Zim Faces Expulsion or Suspension From SADC Tribunal
Radio VOP has been informed that the Attorney General’s office will not be sending lawyers to defend the contempt of court case as President Robert Mugabe has said his country is not bound by the tribunal.
“We are not being represented at the tribunal because our position remains the same – we are not bound by that court,” said a top law officer in the AG’s office.
The suit was filed in February and was initially supposed to have been heard in March but postponed to tomorrow (Tuesday).
The farmers want an enforcement order from the Tribunal that urges the SADC leaders to take measures that might involve suspension or expulsion of Zimbabwe from SADC for failing to enforce the court’s ruling delivered in November 2008.
The tribunal had ordered that the Zimbabwe government should not seize land from the 79 farmers who had appealed to the regional court. Government was also ordered to compensate evicted farmers. The tribunal also said Harare’s land reform programme was discriminatory, racist and illegal under the SADC Treaty.
“This is a simple matter. All we want is for the court to determine if government is not in contempt of its earlier ruling and to determine whether it did not breach the SADC Treaty. It is beyond any doubt that they are,” said lawyer David Drury who is representing the farmers.
In January the High Court in Harare refused to enforce a SADC Tribunal judgment.
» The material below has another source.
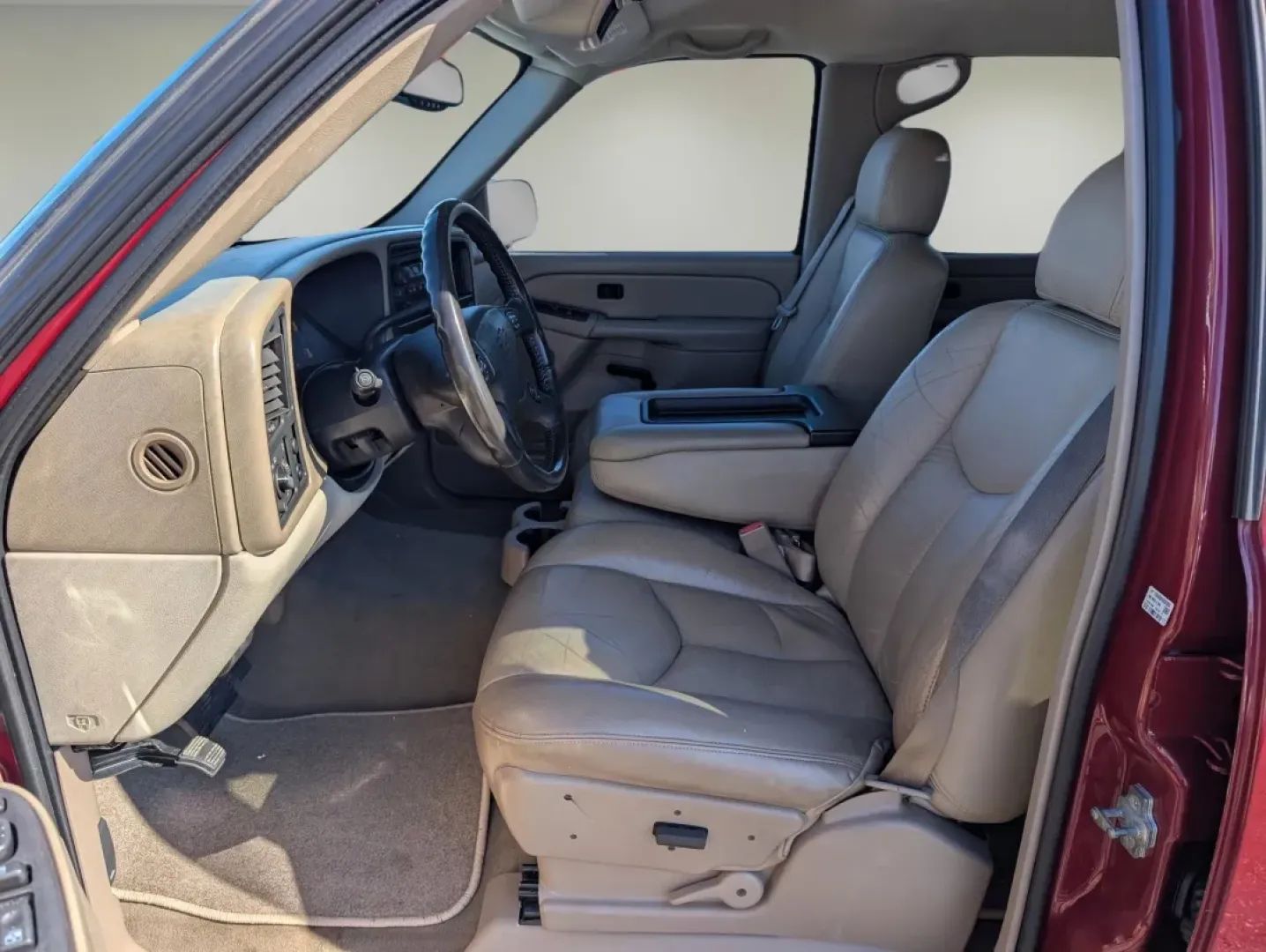 2006 /Tan/Neutral Chevrolet Avalanche Z66 (3GNEC12Z66G) with an Other engine, located at 521 Old Farm Lane Rd, Prattville, AL, 36066, (334) 325-1505, 32.482460, -86.416367 - **Unleash Your Adventurous Spirit with the 2006 Chevrolet Avalanche Z66!** <br /> <br /> If you're looking for a versatile vehicle that fits seamlessly into your active lifestyle, look no further than the 2006 Chevrolet Avalanche Z66! This bold crew cab pickup, featuring a stunning Sport Red Metalli - Photo#10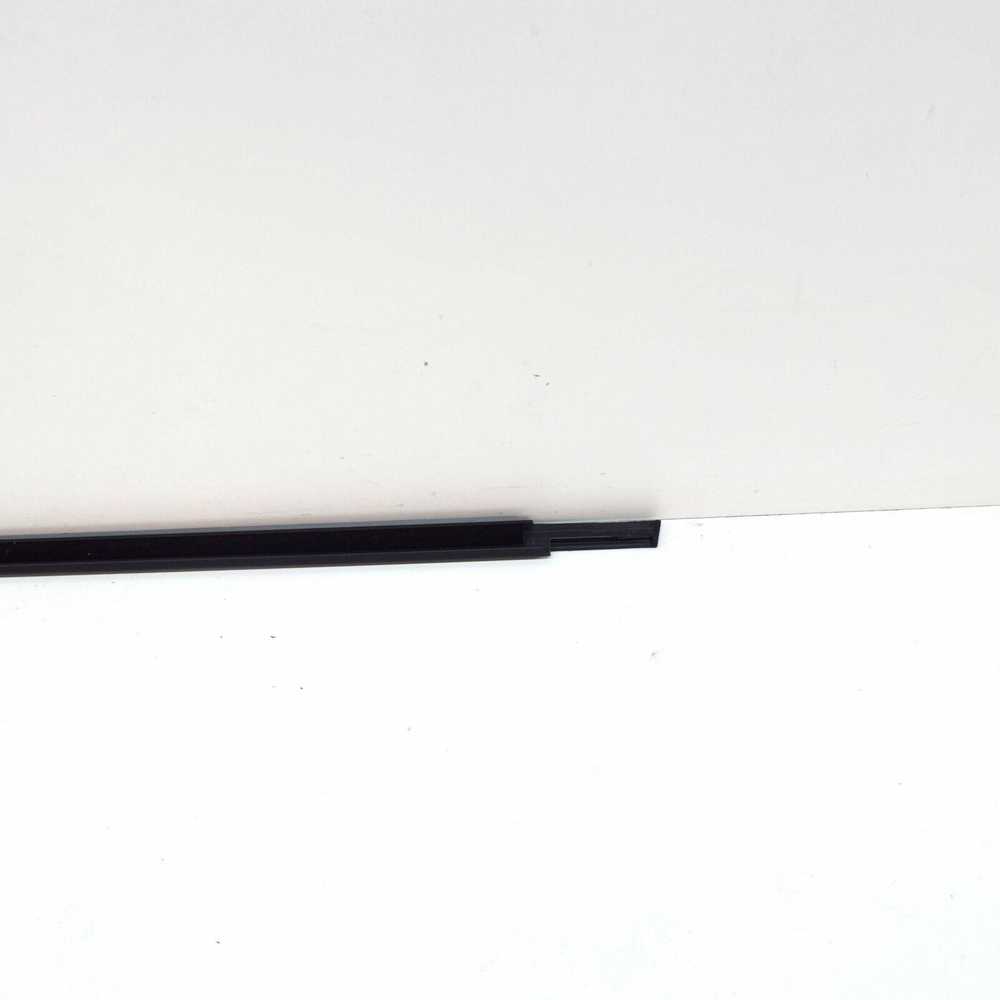 VAG Originalus lango angos sandariklis VW Golf R32 Gti Rabbit 5K4837478D5AP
Mugabe later described the judgment as “nonsensical and of no consequence”. The tribunal had also ordered a stop to farm seizures.
Justice Bharat Patel who heard the matter in the High Court said the order on farm seizures could not be implemented because it was against public policy and would cause anarchy in the country.
Government ignored the ruling and Zanu (PF) supporters even stepped up a campaign to drive Zimbabwe’s few remaining white farmers from the farms.
Justice Minister Patrick Chinamasa has in the past said Zimbabwe is not bound by the SADC Tribunal.